Acorn is in the business of building small PC board personal (cheap) computers,
and in that context I think the ARM fits in reasonably well.

Harry

cik@l.cc.purdue.edu (Herman Rubin) (06/25/89)

In article <1989Jun24.230056.27774@utzoo.uucp>, henry@utzoo.uucp (Henry Spencer) writes:
> In article <57125@linus.UUCP> bs@gauss.UUCP (Robert D. Silverman) writes:
> >This, in my opinion is one of the major faults of RISC processors. They
> >do not provide basic arithmetic instructions. 
> 
> When the list of "basic" arithmetic instructions is pages long, one starts
> to wonder how many of them are really "basic".  The instruction you ask
> for -- divide double length by single length yielding single-length result --
> is not exactly frequently needed.  Just how much silicon is it worth to make
> it run faster than an implementation as a subroutine?

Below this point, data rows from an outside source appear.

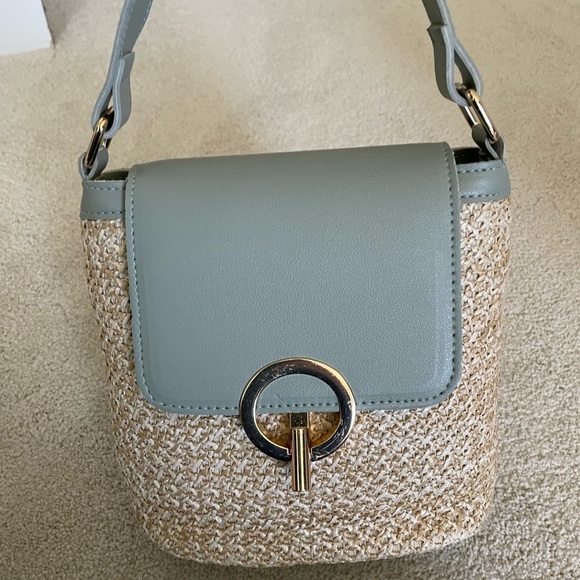 Handbags - NWT Oliver and Annis Handbag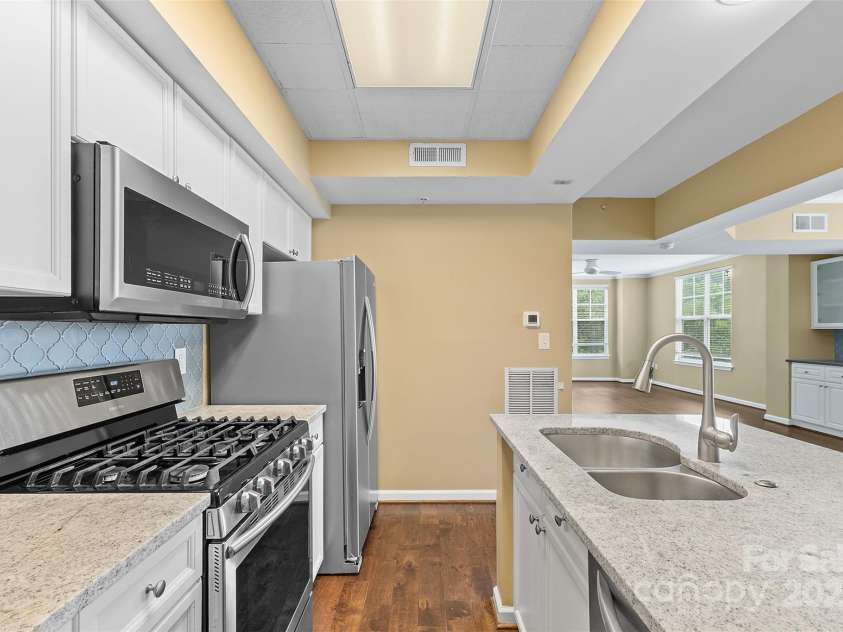 405 7th Street, Charlotte, NC 28202.  MLS# CAR4295582, YatesRealty ID 13571. 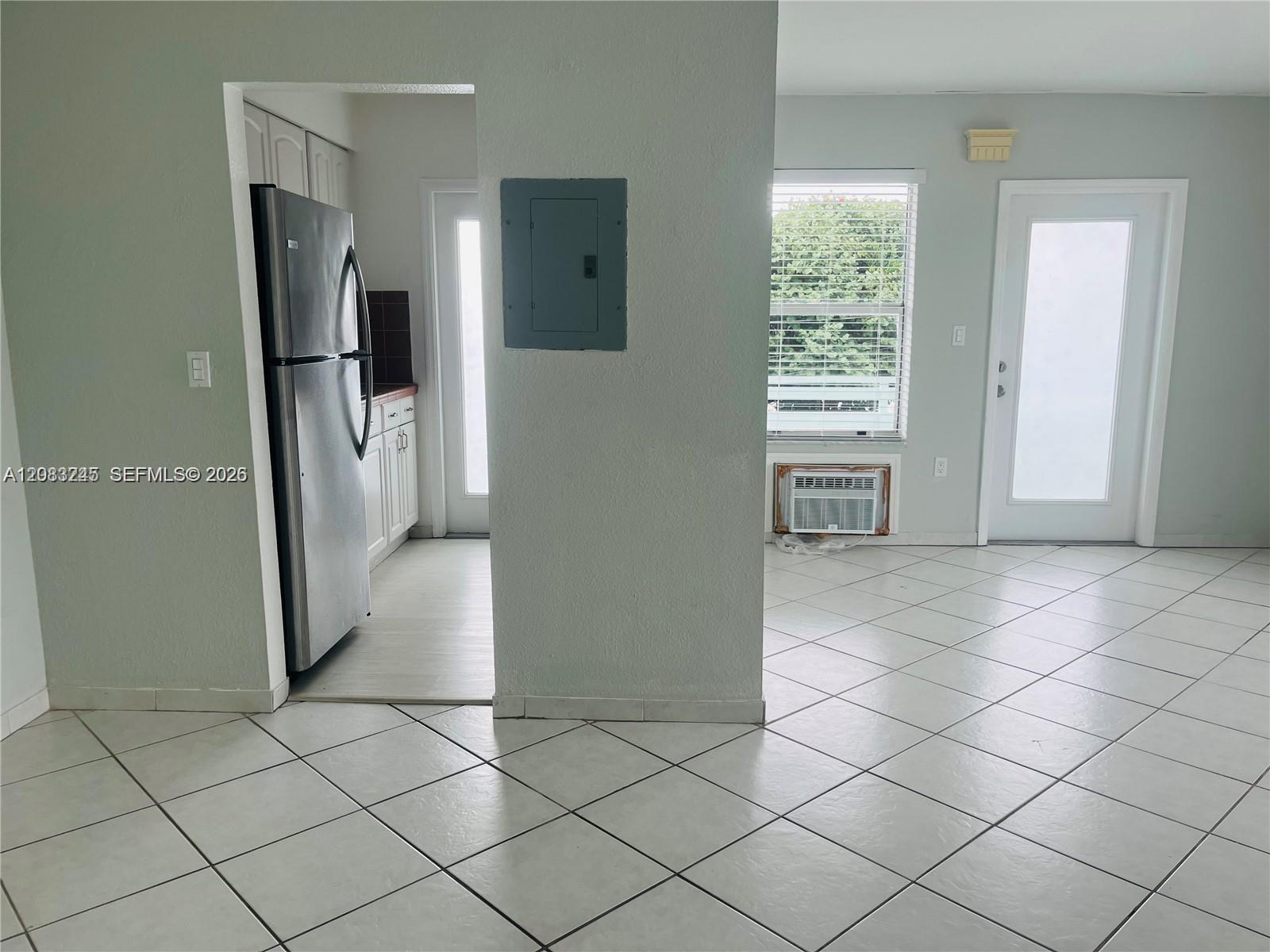 7725 CARLYLE AVE # 7, Miami Beach FL 33141 photo 3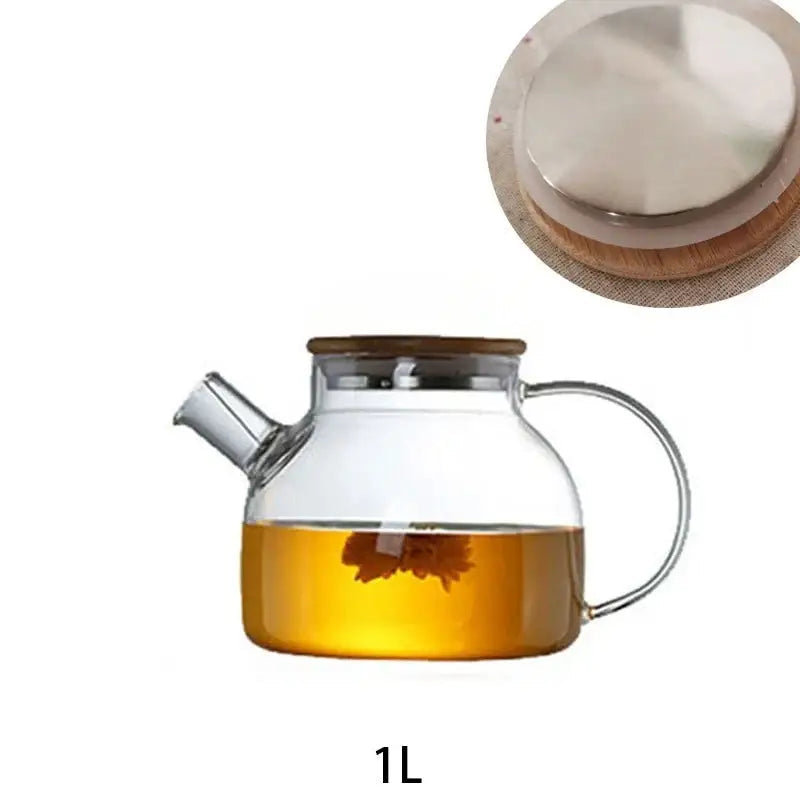 One-liter glass iced tea pitcher with bamboo lid, side view showing capacity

The list of arithmetic instructions is pages long only if the documentation
is stupid enough not to put lots of instructions on one page.  What is used
heavily in his work, reported in sci.math., is division of a double by a
single getting simultaneously quotient and remainder.  This takes about
6 or 7 instructions inline if some provisions are made.  If they are not,
it may very well take 20 instructions.

One might reduce the number of division instructions by only having
double/single yielding quotient and remainder for integer division,
signed and unsigned, and floating point division similarly, signed only.
This would give three division instructions with different argument
sizes, and the only "waste" would be in the moving of unwanted results
to an unused register.  Even this could be avoided if there were read-only
registers, which many machines have.  Instead, many machines have separate
quotient and remainder operations.

Now Bob Silverman is one of the mathematicians who knows how to use the
machine instructions efficiently, and absent the instruction, will modify
the algorithm considerably to get around it.  This is one of the things
which does not show up on benchmarks.  The presence or absence of a few
"minor" instructions can make an algorithm efficient or horribly inefficient.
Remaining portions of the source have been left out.